Even if you're not planning on submitting it to CRAN, you can still publish and distribute your package for easy installation by others. You are probably using some kind of version control (if you are not, you should start now) and you can leverage that to easily publish your package. Git is currently the most common system and devtools provides functions to install packages directly from GitHub or BitBucket, among other options. It's as simple as running devtools::install_github('github_username/repo'). You will see it in action in the next section here below.

Documentation website

Hopefully you have found the documentation easy to write with roxygen2 and roxygen comments. If you're not convinced, here's a bonus for you: you can now use the same documentation you have already built in your package to create a nice documentation website with three lines of code. All you need to do is install Hadley Wickham's staticdocs and it will do all the work for you. The result is a cool documentation website, just like the ones you may be used to seeing for Hadley Wickham's packages.

		
# As of this writing, staticdocs is not yet on CRAN; grab the development version
devtools::install_github("hadley/staticdocs")
# Navigate to package's parent directory and build site
# (use 'examples = FALSE' if you don't want your examples to run)
setwd('location/of/your/package')
staticdocs::build_site('Rpckg', '/website/location/', examples = FALSE)
	

Update

Hadley Wickham has since developed an alternative to staticdocs, called pkgdown. It is just as easy to use and more powerful than staticdocs. Be sure to go checkout all the options it provides, but here's the minimal usage example. It is really similar to staticdocs's, but it will build the package found in the current directory by default and put the output in a docs folder (which is created if not found) in the package directory.

		
# Grab the development version from GitHub
devtools::install_github("hadley/pkgdown")
# Navigate to package's parent directory and build site
# (use 'examples = FALSE' if you don't want your examples to run)
setwd('location/of/your/package')
pkgdown::build_site()
	

That's it. You have now created a fully functional R package and a slick documentation website to go with it.
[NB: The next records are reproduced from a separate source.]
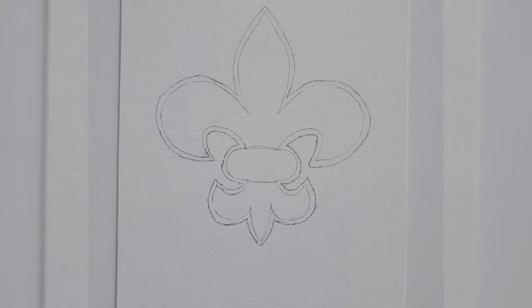The first step is to draw your design. I'm doing a fleur-de-lis. Notice that the edges are still really rough — this is all going to be covered up, so don't worry about trying to make it perfect.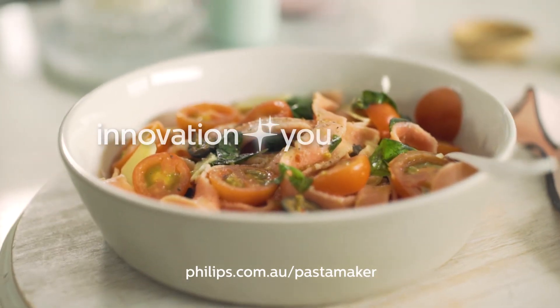For more details, head to the Philips website. Innovation and you. Philips.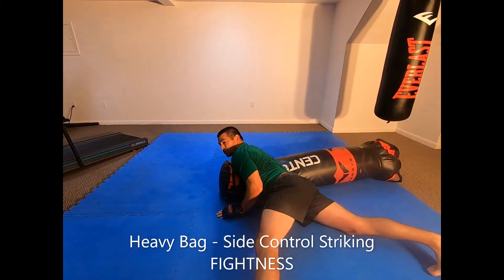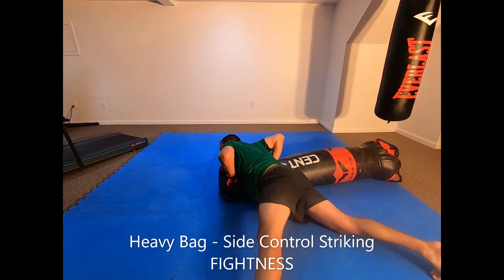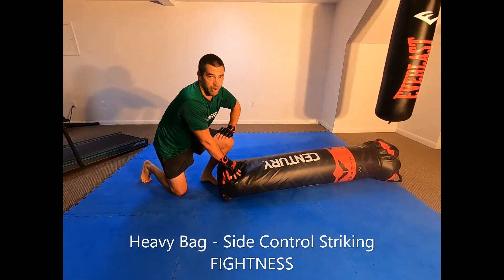Make sure you're switching positions, rotating around, and doing both sides. You can even stand and stomp the bag if you want to. All side control striking for the rest of the round.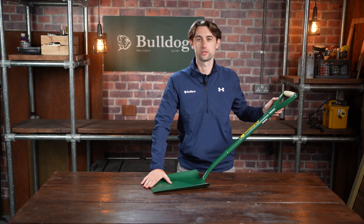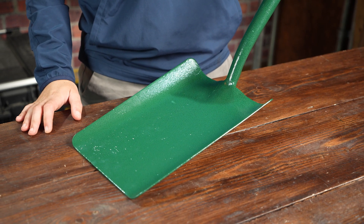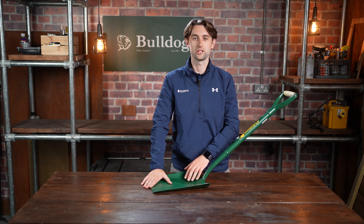Bulldog tools have been manufactured in Wigan since 1780. This all metal shovel has a solid forward head from one piece of steel, giving ultimate strength and durability. The head is epoxy coated for improved resistance to rust and is easy to clean.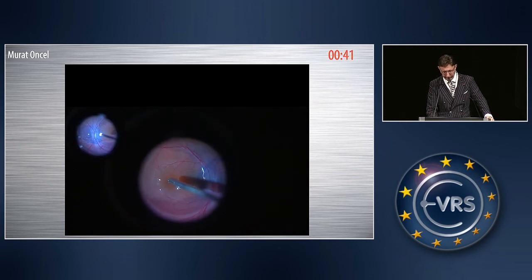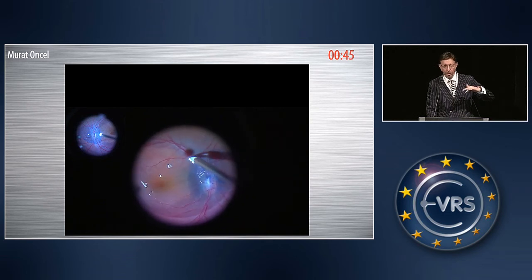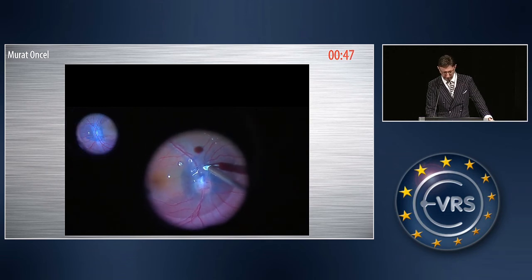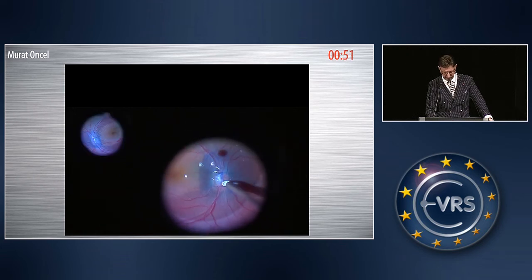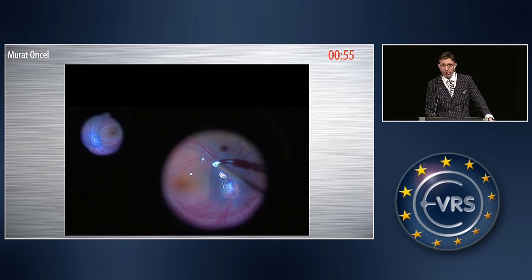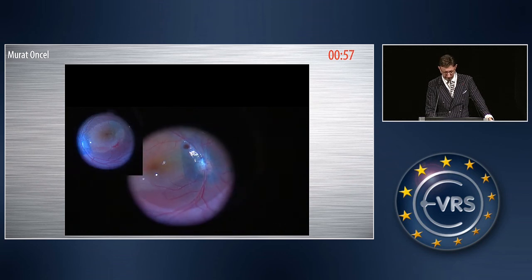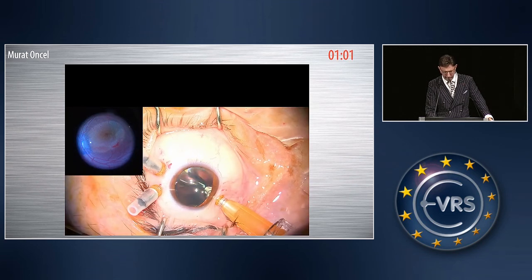Here is the perfluorocarbon liquid, and you see the whole ILM flap is totally covering the optic disc pit — totally covering the optic disc. After the air-fluid exchange, I removed the perfluorocarbon liquid. And here you see the injection of heavy silicone oil.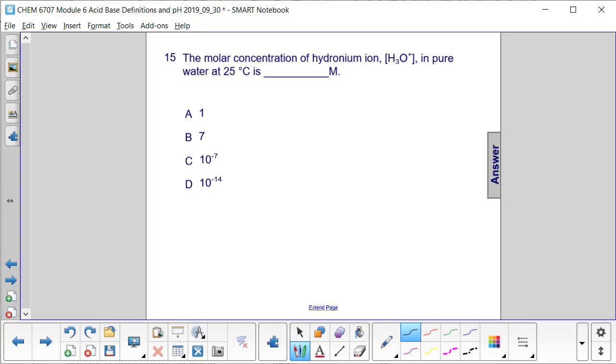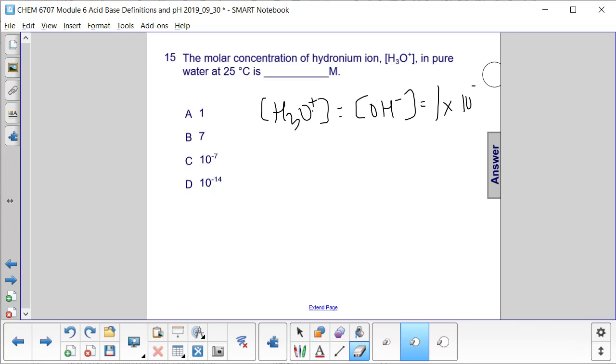Remember that for pure water, H₃O⁺ concentration equals OH⁻ concentration and is 1 times 10 to the minus 7. That's how we get a pH in pure water equal to 7. So the concentration is C.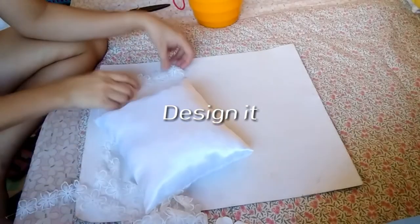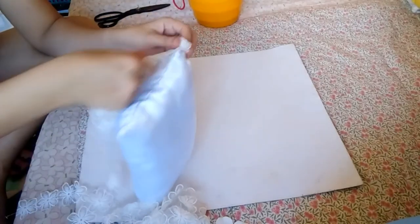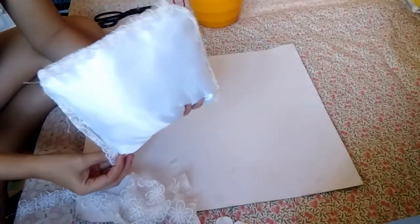This is option one. We're using a lace — a flower lace — and I just rub it over the edge of this pillow, all around like this. So this is our option number one.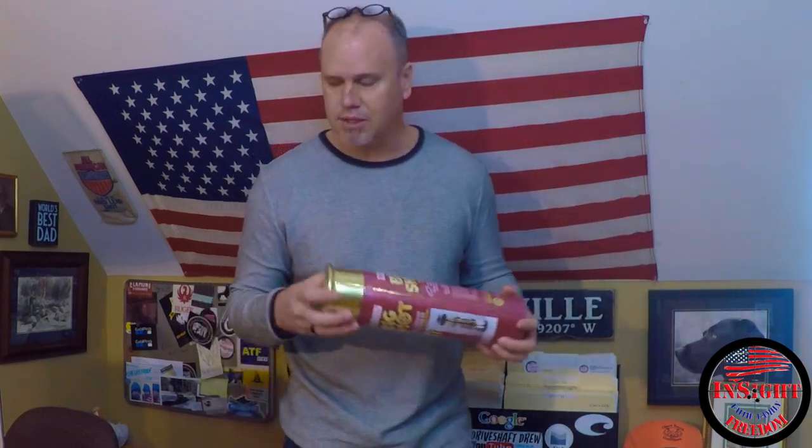Gene's gone through some things in his life and he's starting a new job, getting ready to be a trucker. I'll leave a link to his channel up here, but check him out and support him.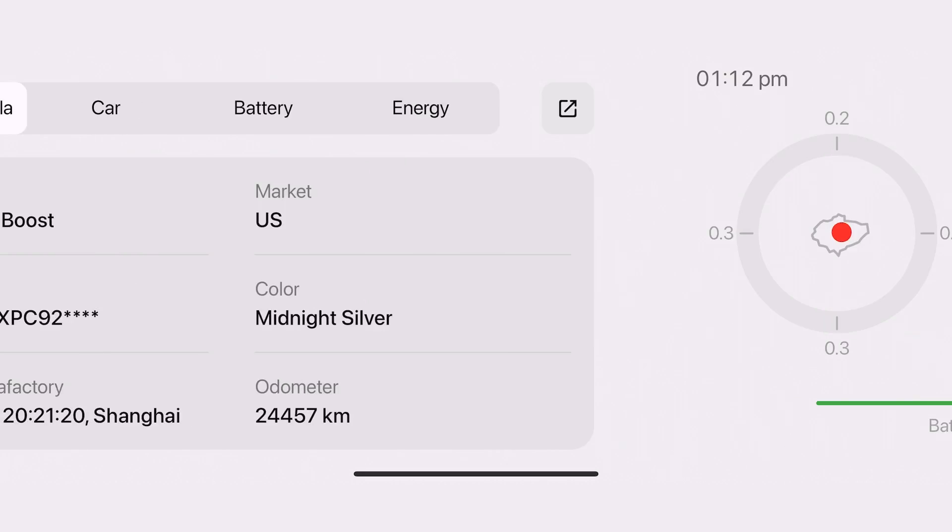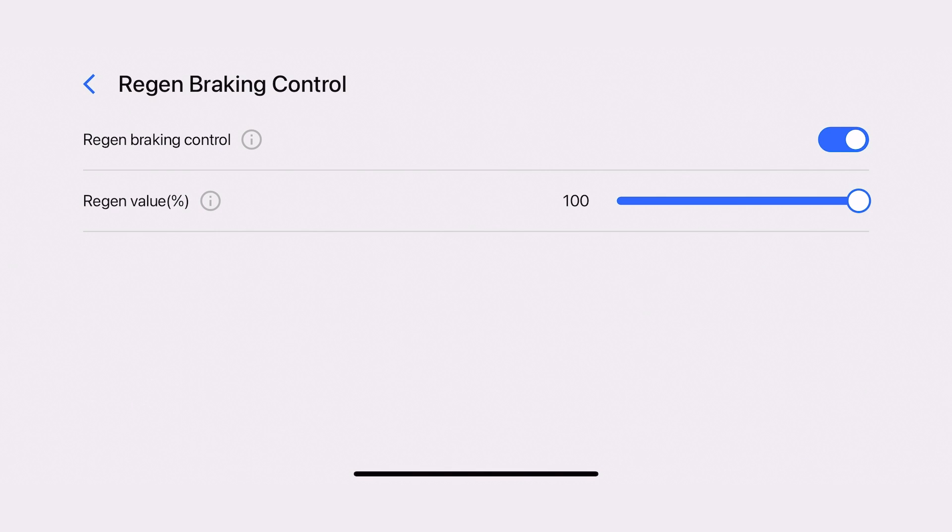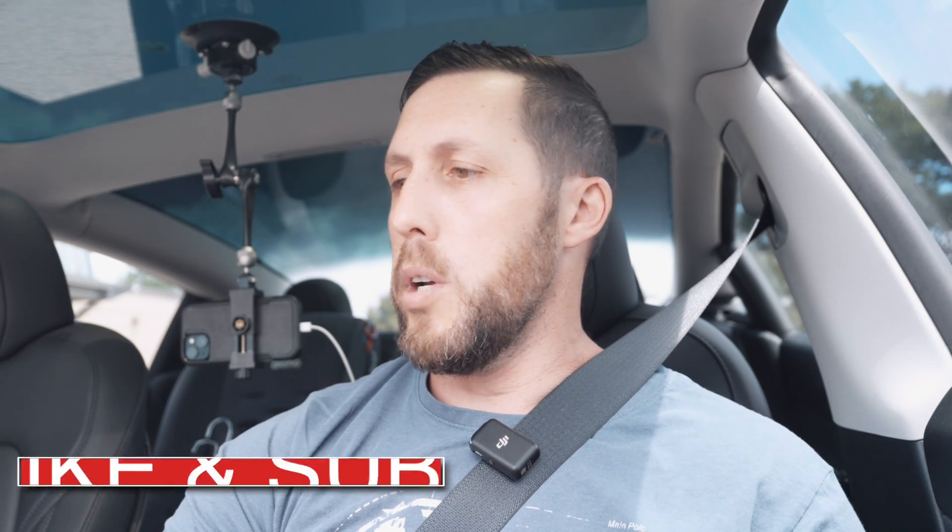So we're going to take the regen control and take it all the way to zero — going from one extreme to the other to see what the difference is. All right, so we have no regen at all, completely — like you're driving an ICE car. And we are off.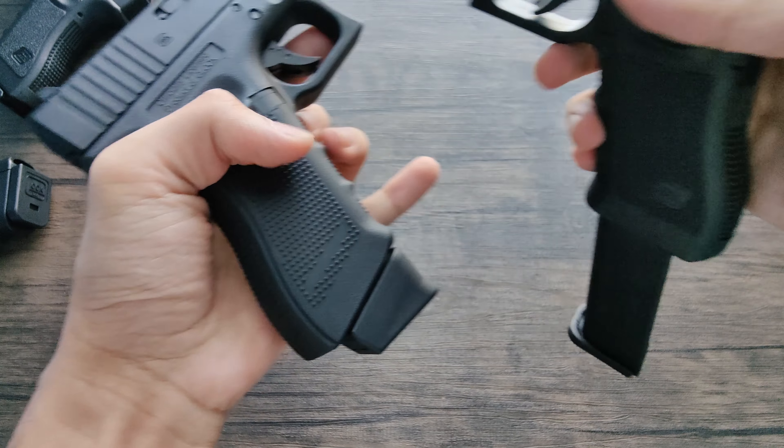Here's the Glock 18C itself — Austria 9x19. There's the switch on the top right, as you can see, going from semi-auto to full-auto. There's the Gen 3 stippling. That's full-auto, that's semi-auto. And, of course, there's no safety, so it's just always ready to go — although it does have a trigger safety.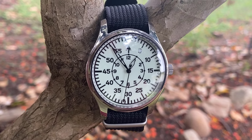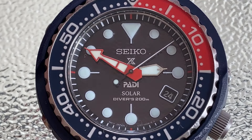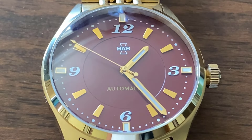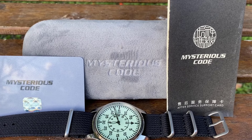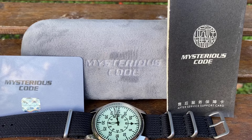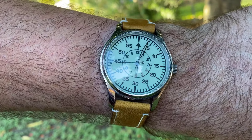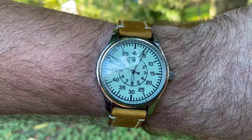G'day everyone. Just about every watch brand out there has a name. Some are familiar, some are iconic, some are just abbreviations, and some are well, bizarre. But in this case, I didn't let a naming convention get in the way of a good watch purchase. So let's decipher this enigma and look at the Mysterious Code Pilot, or MC as I'll call it.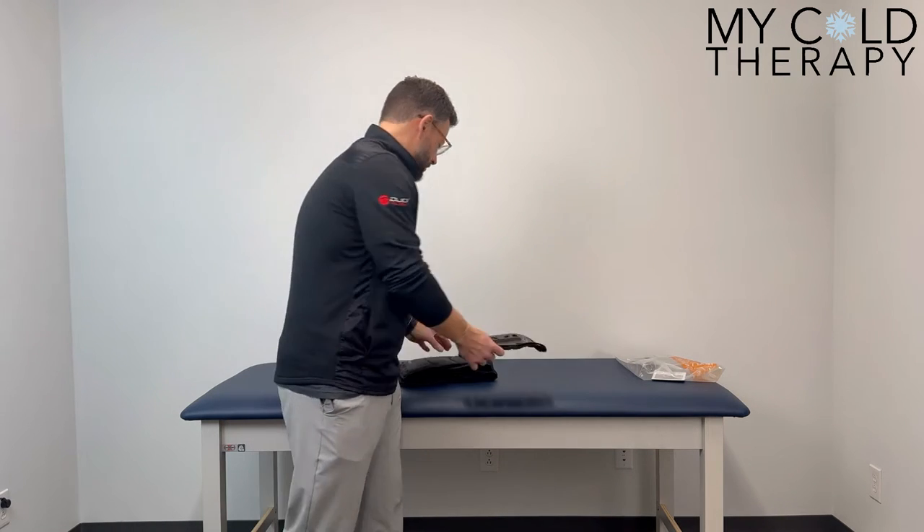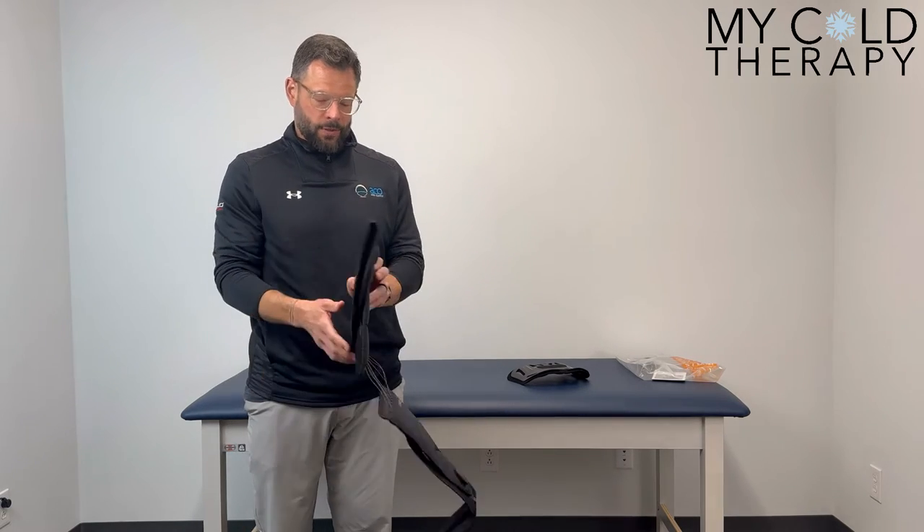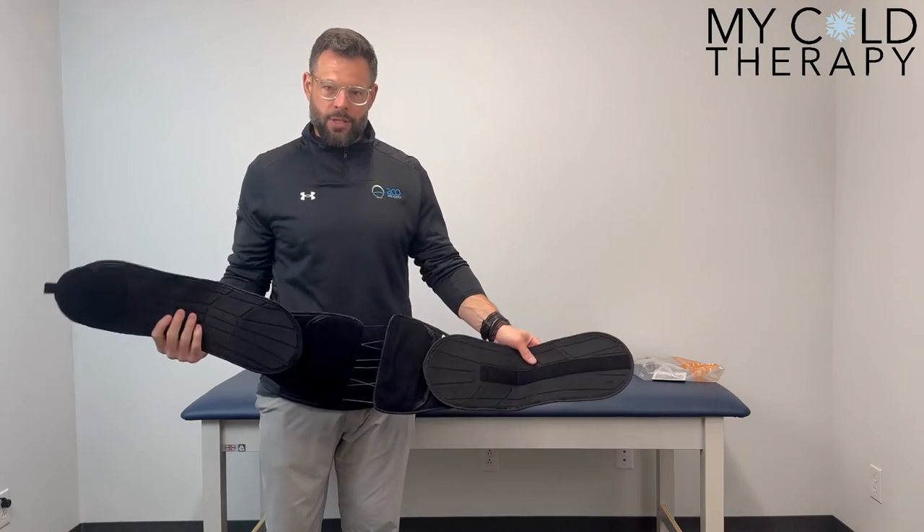This velcro portion right here is eventually going to velcro and the brace will walk you through that. The other portion you're going to receive is your corset. Your corset itself is going to be velcroed together — we're going to open this up.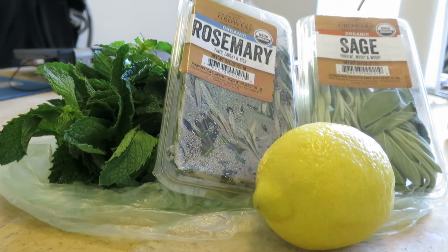You can just use rosemary and sage. You can just use rosemary by itself, or sage by itself. But I use these four.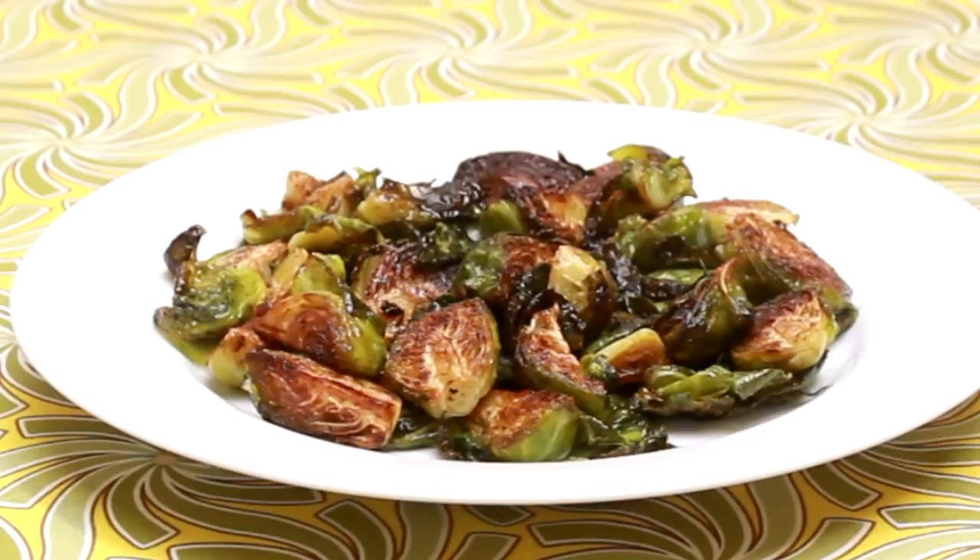Why would you choose one method over the other? The stovetop method is faster — you don't need to wait for the oven to preheat and the cooking time is only 20 minutes, about 10 minutes less than the oven. It also frees up your oven to cook something else. The benefit of the oven method is that you get a larger cooking area, since baking sheets are generally larger than skillets so you can cook more sprouts at the same time.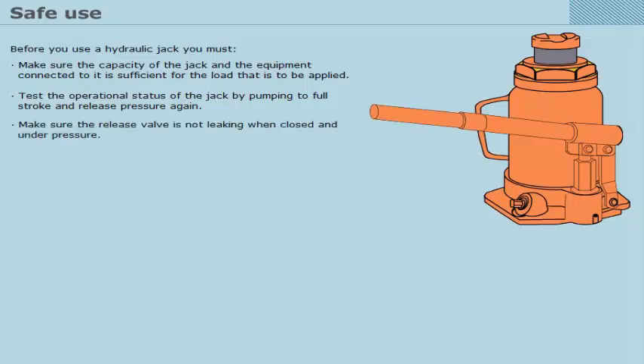Make sure the release valve is not leaking when closed and under pressure. Examine the ram and look for signs of deformation, scratches, scoring, and corrosion. Check the condition of external threads on the ram if applicable.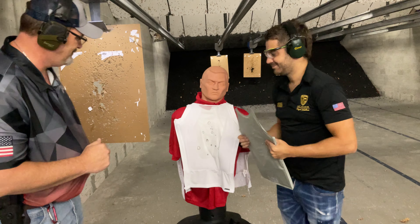All right, going hot on the range. Here we got an FNX 45, it is loaded with full metal jacket .45 rounds. We're hot.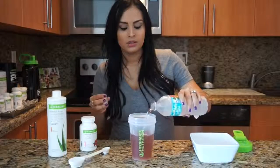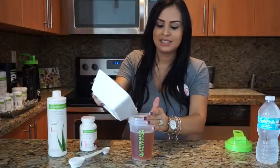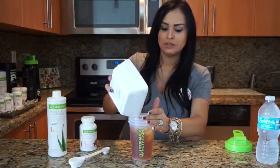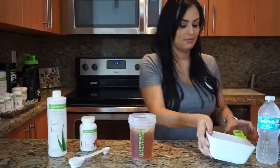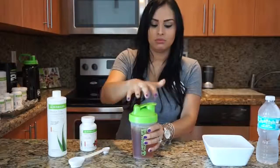Now let's add some cold water. Here I have 12 ounces of water, and then let's add some ice. There you go — that's all you need to do. Enjoy the tea!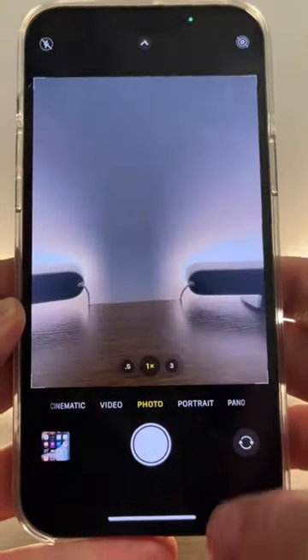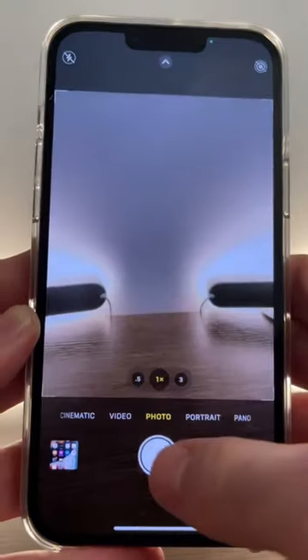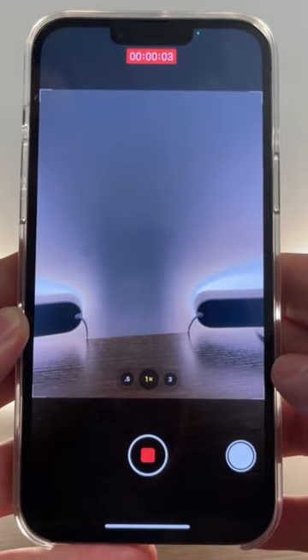Here's another hidden iPhone feature you probably didn't know about. First, you're going to want to make sure your camera is in photo mode, and then head to another app to play a song. Now back in the camera app, just hold down on the shutter button and swipe right to record a video with music playing.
There's a few other quick informal guides to writing your own R package, just like this one, out there. Two cool blog posts I found really interesting are Hilary Parkers' Writing an R package from scratch and Andrew Brooks' DIY building an R package. I encourage you to check them out.

On a final note, RStudio, the de facto R IDE, includes great functionality for package development. You may want to check that out, as a great alternative to this more manual approach.